BEGIN Data for analysis
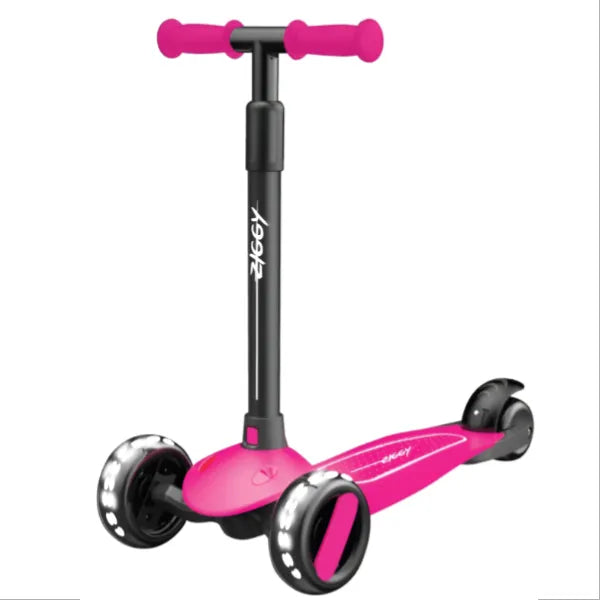 Ziggy 3 Wheel Tilt Scooter With Height Adjustable Handle -with Led Light - Pink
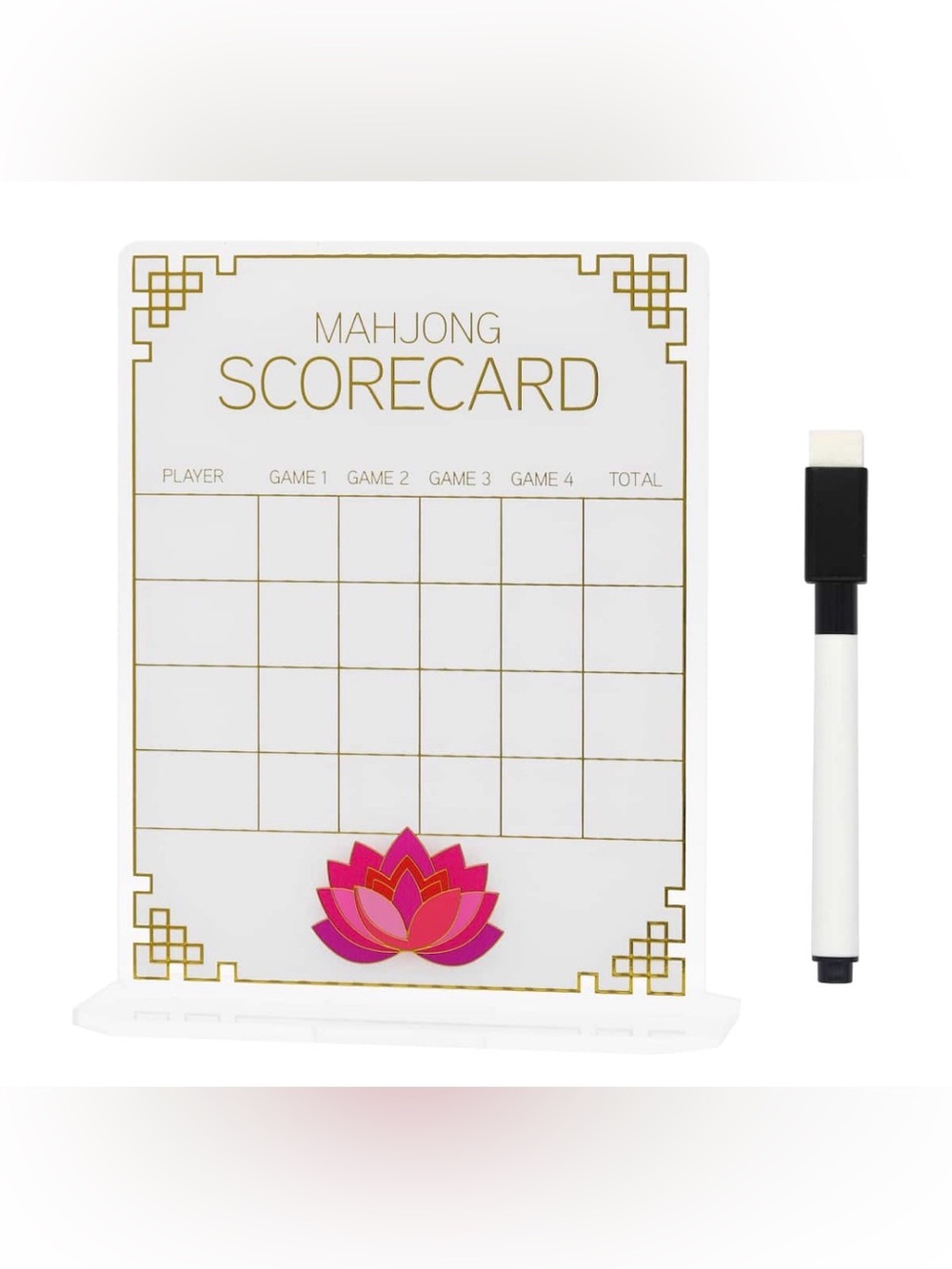 Mahjong Scorecard Dry Erase Board - White with Pink Lotus - Jonathan Adler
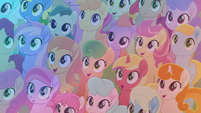 Crowd of ponies looking at rainbow MLPRR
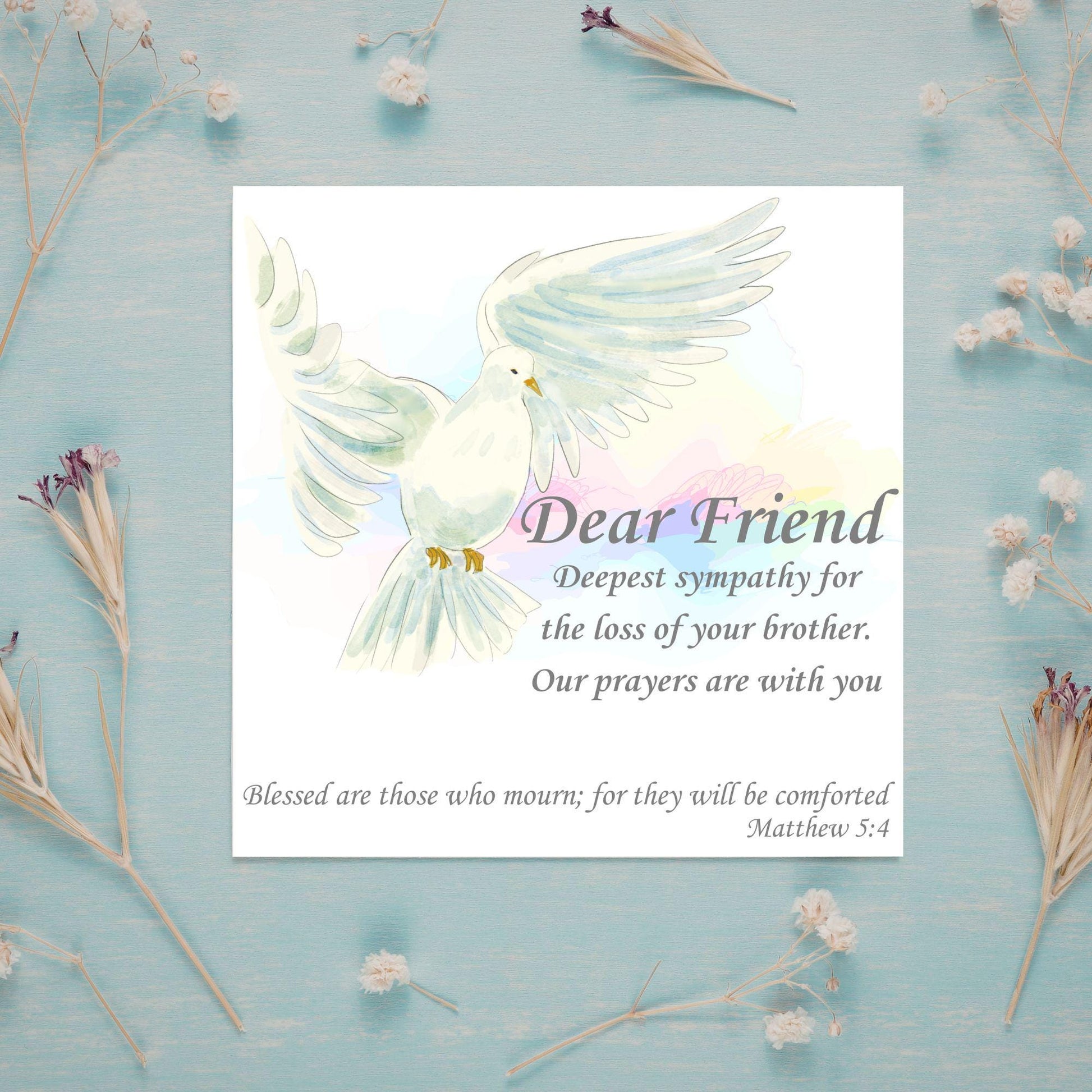 Personalised Sympathy Card, Card for Loss, Condolences Card, Sister, Brother, Friend, Sister-in-Law, Brother-in-Law, Prayer Bible Quote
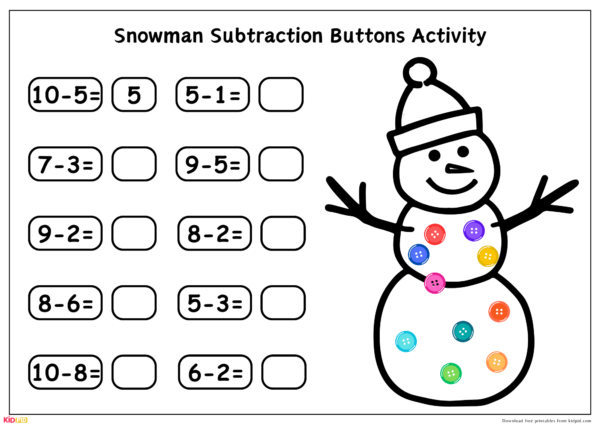 Snowman Subtraction Buttons Activity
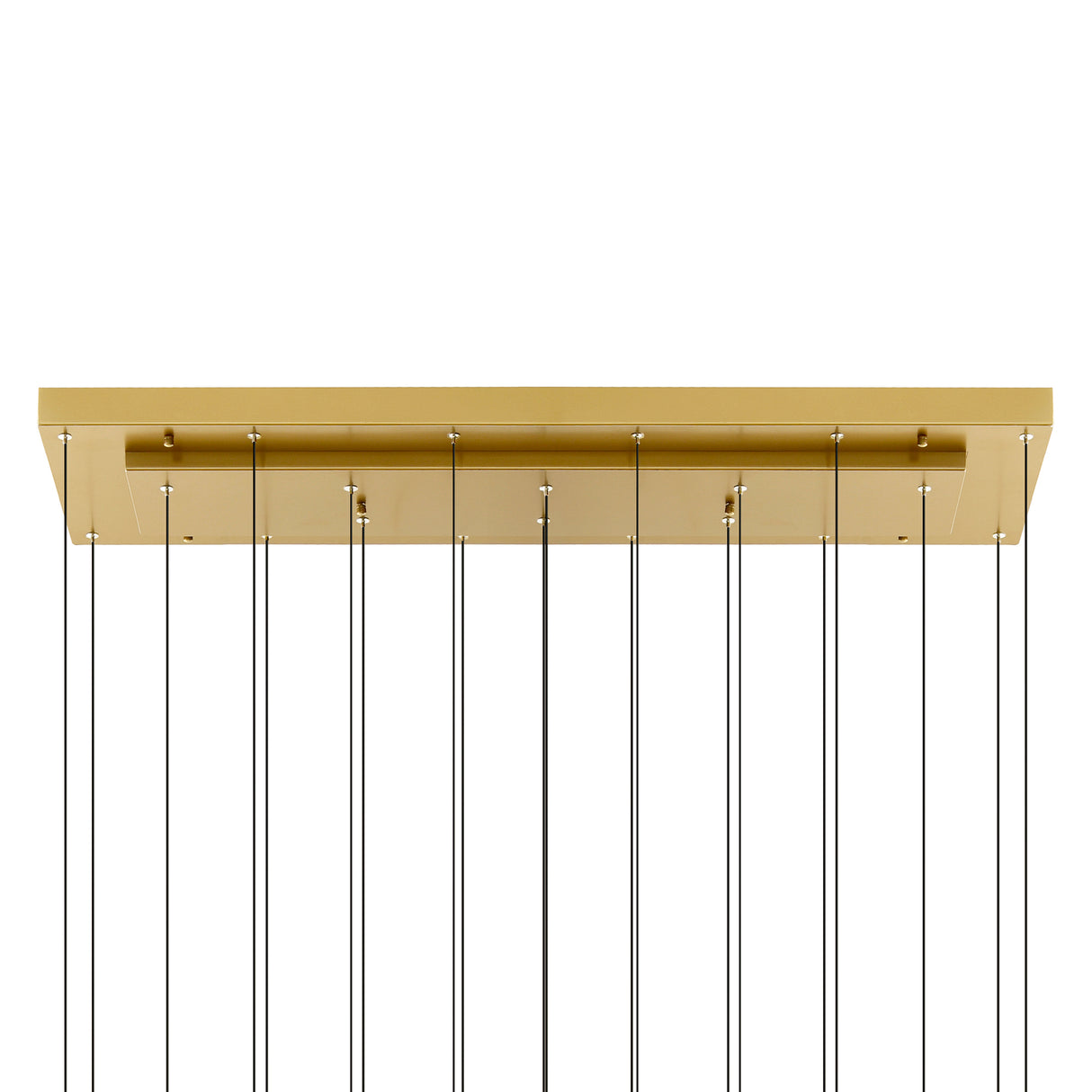 Stagger Integrated LED 48in Brass Chandelier with Handcrafted Glass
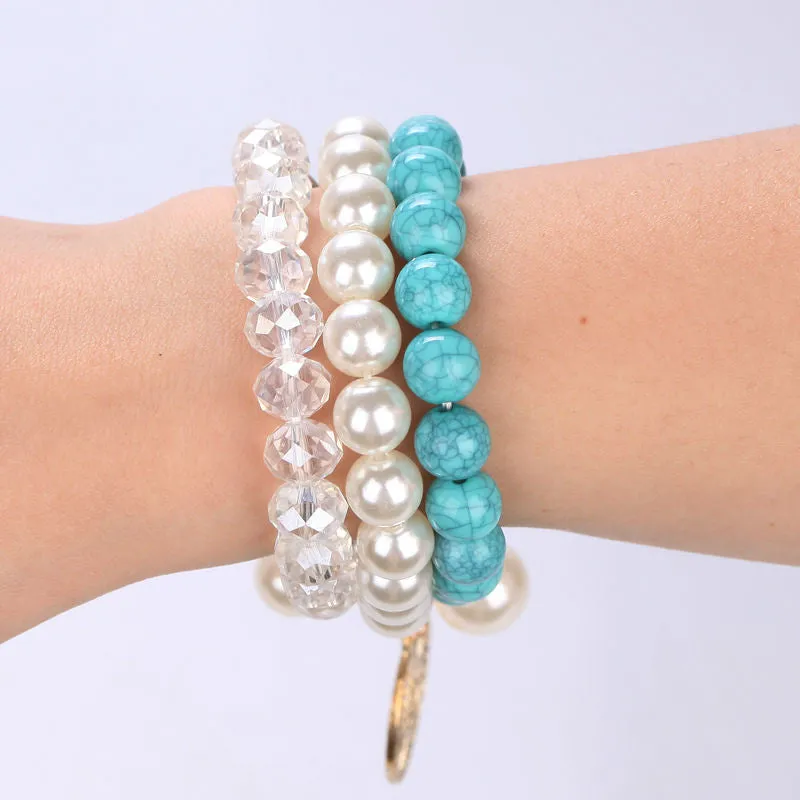 Fine Sterling Jewelry Bracelets & Bangles Pearl Bracelet For Women Multilayer Design Imitation Turquoise Bead Bracelets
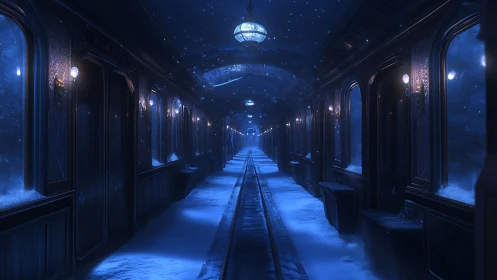 Nocturnal snowbound railway corridor rendered in cinematic blue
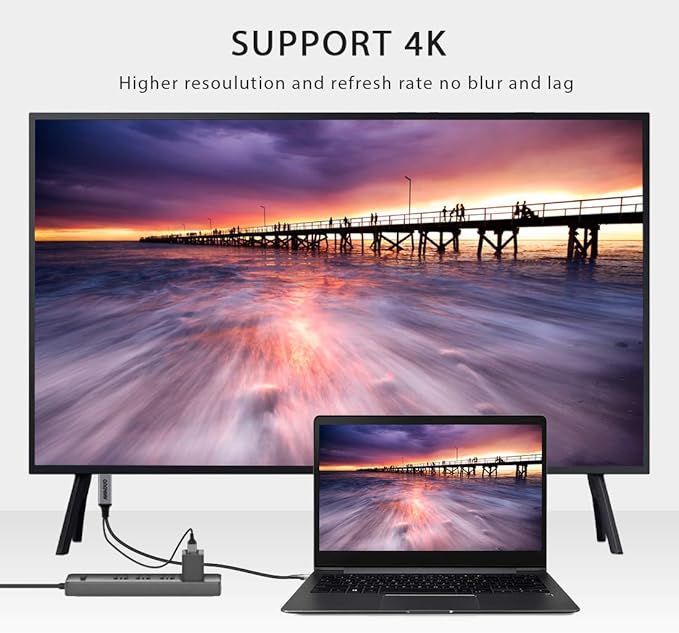 USB C to HDMI Adapter with USB Cable, Type c to HDMI Adapter 4K 30Hz Compatible with MacBook 2018 iPad Pro,iMac,ChromeBook Pixel,Galaxy S9 Note9 S10 Surface Book Pro- 6.6FT (6.6FT, Red)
END Data for analysis
■ The problem ■
Drop the pictures; repeat each entry above exactly.

■ Exercise solution ■
 Ziggy 3 Wheel Tilt Scooter With Height Adjustable Handle -with Led Light - Pink
 Mahjong Scorecard Dry Erase Board - White with Pink Lotus - Jonathan Adler
 Crowd of ponies looking at rainbow MLPRR
 Personalised Sympathy Card, Card for Loss, Condolences Card, Sister, Brother, Friend, Sister-in-Law, Brother-in-Law, Prayer Bible Quote
 Snowman Subtraction Buttons Activity
 Stagger Integrated LED 48in Brass Chandelier with Handcrafted Glass
 Fine Sterling Jewelry Bracelets & Bangles Pearl Bracelet For Women Multilayer Design Imitation Turquoise Bead Bracelets
 Nocturnal snowbound railway corridor rendered in cinematic blue
 USB C to HDMI Adapter with USB Cable, Type c to HDMI Adapter 4K 30Hz Compatible with MacBook 2018 iPad Pro,iMac,ChromeBook Pixel,Galaxy S9 Note9 S10 Surface Book Pro- 6.6FT (6.6FT, Red)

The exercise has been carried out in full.